## Problem
Copy out every entry, keeping each character the same.

## Items from a dataset
--------------------------------

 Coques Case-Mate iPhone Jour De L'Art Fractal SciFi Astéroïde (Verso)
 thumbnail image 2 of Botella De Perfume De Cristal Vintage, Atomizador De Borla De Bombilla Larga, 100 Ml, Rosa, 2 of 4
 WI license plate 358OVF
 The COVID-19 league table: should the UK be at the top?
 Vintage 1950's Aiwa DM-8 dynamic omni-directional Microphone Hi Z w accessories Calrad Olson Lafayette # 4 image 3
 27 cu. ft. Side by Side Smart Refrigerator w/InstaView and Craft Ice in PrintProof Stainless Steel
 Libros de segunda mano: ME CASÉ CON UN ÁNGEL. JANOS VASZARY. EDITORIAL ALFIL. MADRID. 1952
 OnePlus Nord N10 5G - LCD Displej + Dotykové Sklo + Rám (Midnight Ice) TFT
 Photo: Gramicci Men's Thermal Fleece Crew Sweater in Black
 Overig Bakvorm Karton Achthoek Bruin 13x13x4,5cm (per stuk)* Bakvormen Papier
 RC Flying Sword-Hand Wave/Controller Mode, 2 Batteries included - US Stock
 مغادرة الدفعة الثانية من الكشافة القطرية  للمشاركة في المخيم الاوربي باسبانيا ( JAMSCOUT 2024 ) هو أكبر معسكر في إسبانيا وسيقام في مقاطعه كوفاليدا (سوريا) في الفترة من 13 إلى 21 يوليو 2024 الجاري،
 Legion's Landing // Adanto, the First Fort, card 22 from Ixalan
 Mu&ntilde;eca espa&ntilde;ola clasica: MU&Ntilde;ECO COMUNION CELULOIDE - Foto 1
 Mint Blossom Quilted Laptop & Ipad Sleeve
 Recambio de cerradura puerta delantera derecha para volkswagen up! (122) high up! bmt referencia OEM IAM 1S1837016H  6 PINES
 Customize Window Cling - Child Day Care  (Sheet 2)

--------------------------------

## Answer for this exercise
 Coques Case-Mate iPhone Jour De L'Art Fractal SciFi Astéroïde (Verso)
 thumbnail image 2 of Botella De Perfume De Cristal Vintage, Atomizador De Borla De Bombilla Larga, 100 Ml, Rosa, 2 of 4
 WI license plate 358OVF
 The COVID-19 league table: should the UK be at the top?
 Vintage 1950's Aiwa DM-8 dynamic omni-directional Microphone Hi Z w accessories Calrad Olson Lafayette # 4 image 3
 27 cu. ft. Side by Side Smart Refrigerator w/InstaView and Craft Ice in PrintProof Stainless Steel
 Libros de segunda mano: ME CASÉ CON UN ÁNGEL. JANOS VASZARY. EDITORIAL ALFIL. MADRID. 1952
 OnePlus Nord N10 5G - LCD Displej + Dotykové Sklo + Rám (Midnight Ice) TFT
 Photo: Gramicci Men's Thermal Fleece Crew Sweater in Black
 Overig Bakvorm Karton Achthoek Bruin 13x13x4,5cm (per stuk)* Bakvormen Papier
 RC Flying Sword-Hand Wave/Controller Mode, 2 Batteries included - US Stock
 مغادرة الدفعة الثانية من الكشافة القطرية  للمشاركة في المخيم الاوربي باسبانيا ( JAMSCOUT 2024 ) هو أكبر معسكر في إسبانيا وسيقام في مقاطعه كوفاليدا (سوريا) في الفترة من 13 إلى 21 يوليو 2024 الجاري،
 Legion's Landing // Adanto, the First Fort, card 22 from Ixalan
 Mu&ntilde;eca espa&ntilde;ola clasica: MU&Ntilde;ECO COMUNION CELULOIDE - Foto 1
 Mint Blossom Quilted Laptop & Ipad Sleeve
 Recambio de cerradura puerta delantera derecha para volkswagen up! (122) high up! bmt referencia OEM IAM 1S1837016H  6 PINES
 Customize Window Cling - Child Day Care  (Sheet 2)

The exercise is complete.